Required work
Reproduce the opening lines of the records exactly, up to and including the line in which "How to Make" occurs.

Data records
--- START ---

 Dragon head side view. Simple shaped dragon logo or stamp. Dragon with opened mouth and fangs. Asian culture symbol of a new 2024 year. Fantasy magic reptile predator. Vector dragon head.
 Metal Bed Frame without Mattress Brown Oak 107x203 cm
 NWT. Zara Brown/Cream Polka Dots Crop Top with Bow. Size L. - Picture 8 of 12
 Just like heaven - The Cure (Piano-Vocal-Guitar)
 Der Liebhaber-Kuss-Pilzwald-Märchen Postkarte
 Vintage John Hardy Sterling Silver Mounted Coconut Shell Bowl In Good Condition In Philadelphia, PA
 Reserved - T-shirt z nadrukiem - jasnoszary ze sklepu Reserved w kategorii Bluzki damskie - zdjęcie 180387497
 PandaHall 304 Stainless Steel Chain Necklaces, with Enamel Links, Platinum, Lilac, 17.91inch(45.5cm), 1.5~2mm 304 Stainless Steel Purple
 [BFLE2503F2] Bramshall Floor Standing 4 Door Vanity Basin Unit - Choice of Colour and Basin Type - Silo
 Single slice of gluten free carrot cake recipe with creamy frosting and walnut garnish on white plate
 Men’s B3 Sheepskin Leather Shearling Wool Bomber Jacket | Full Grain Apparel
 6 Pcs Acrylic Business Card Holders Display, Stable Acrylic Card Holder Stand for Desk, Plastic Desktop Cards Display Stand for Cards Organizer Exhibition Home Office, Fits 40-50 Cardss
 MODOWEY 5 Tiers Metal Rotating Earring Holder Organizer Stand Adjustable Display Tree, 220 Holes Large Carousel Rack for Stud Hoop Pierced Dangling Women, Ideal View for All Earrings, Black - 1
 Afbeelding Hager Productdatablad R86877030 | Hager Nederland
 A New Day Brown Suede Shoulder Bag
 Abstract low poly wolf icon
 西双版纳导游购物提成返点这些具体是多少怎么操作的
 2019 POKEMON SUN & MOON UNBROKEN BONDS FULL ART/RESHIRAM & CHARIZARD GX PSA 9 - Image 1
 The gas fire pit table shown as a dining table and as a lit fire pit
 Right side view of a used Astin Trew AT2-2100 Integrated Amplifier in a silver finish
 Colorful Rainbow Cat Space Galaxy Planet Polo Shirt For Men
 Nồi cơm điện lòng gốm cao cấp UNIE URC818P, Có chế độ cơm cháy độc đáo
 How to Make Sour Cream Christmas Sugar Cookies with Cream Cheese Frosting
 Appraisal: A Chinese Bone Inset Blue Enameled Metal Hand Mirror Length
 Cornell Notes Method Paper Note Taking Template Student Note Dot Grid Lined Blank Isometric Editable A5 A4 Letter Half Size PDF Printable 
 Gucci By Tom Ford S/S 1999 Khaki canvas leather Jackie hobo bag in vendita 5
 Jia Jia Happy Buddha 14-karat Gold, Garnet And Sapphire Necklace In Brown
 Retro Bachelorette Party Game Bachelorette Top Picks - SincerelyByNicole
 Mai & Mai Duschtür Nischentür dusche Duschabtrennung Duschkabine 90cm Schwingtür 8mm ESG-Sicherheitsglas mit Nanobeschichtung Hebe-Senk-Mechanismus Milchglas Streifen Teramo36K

--- END ---

Answer to this task
 Dragon head side view. Simple shaped dragon logo or stamp. Dragon with opened mouth and fangs. Asian culture symbol of a new 2024 year. Fantasy magic reptile predator. Vector dragon head.
 Metal Bed Frame without Mattress Brown Oak 107x203 cm
 NWT. Zara Brown/Cream Polka Dots Crop Top with Bow. Size L. - Picture 8 of 12
 Just like heaven - The Cure (Piano-Vocal-Guitar)
 Der Liebhaber-Kuss-Pilzwald-Märchen Postkarte
 Vintage John Hardy Sterling Silver Mounted Coconut Shell Bowl In Good Condition In Philadelphia, PA
 Reserved - T-shirt z nadrukiem - jasnoszary ze sklepu Reserved w kategorii Bluzki damskie - zdjęcie 180387497
 PandaHall 304 Stainless Steel Chain Necklaces, with Enamel Links, Platinum, Lilac, 17.91inch(45.5cm), 1.5~2mm 304 Stainless Steel Purple
 [BFLE2503F2] Bramshall Floor Standing 4 Door Vanity Basin Unit - Choice of Colour and Basin Type - Silo
 Single slice of gluten free carrot cake recipe with creamy frosting and walnut garnish on white plate
 Men’s B3 Sheepskin Leather Shearling Wool Bomber Jacket | Full Grain Apparel
 6 Pcs Acrylic Business Card Holders Display, Stable Acrylic Card Holder Stand for Desk, Plastic Desktop Cards Display Stand for Cards Organizer Exhibition Home Office, Fits 40-50 Cardss
 MODOWEY 5 Tiers Metal Rotating Earring Holder Organizer Stand Adjustable Display Tree, 220 Holes Large Carousel Rack for Stud Hoop Pierced Dangling Women, Ideal View for All Earrings, Black - 1
 Afbeelding Hager Productdatablad R86877030 | Hager Nederland
 A New Day Brown Suede Shoulder Bag
 Abstract low poly wolf icon
 西双版纳导游购物提成返点这些具体是多少怎么操作的
 2019 POKEMON SUN & MOON UNBROKEN BONDS FULL ART/RESHIRAM & CHARIZARD GX PSA 9 - Image 1
 The gas fire pit table shown as a dining table and as a lit fire pit
 Right side view of a used Astin Trew AT2-2100 Integrated Amplifier in a silver finish
 Colorful Rainbow Cat Space Galaxy Planet Polo Shirt For Men
 Nồi cơm điện lòng gốm cao cấp UNIE URC818P, Có chế độ cơm cháy độc đáo
 How to Make Sour Cream Christmas Sugar Cookies with Cream Cheese Frosting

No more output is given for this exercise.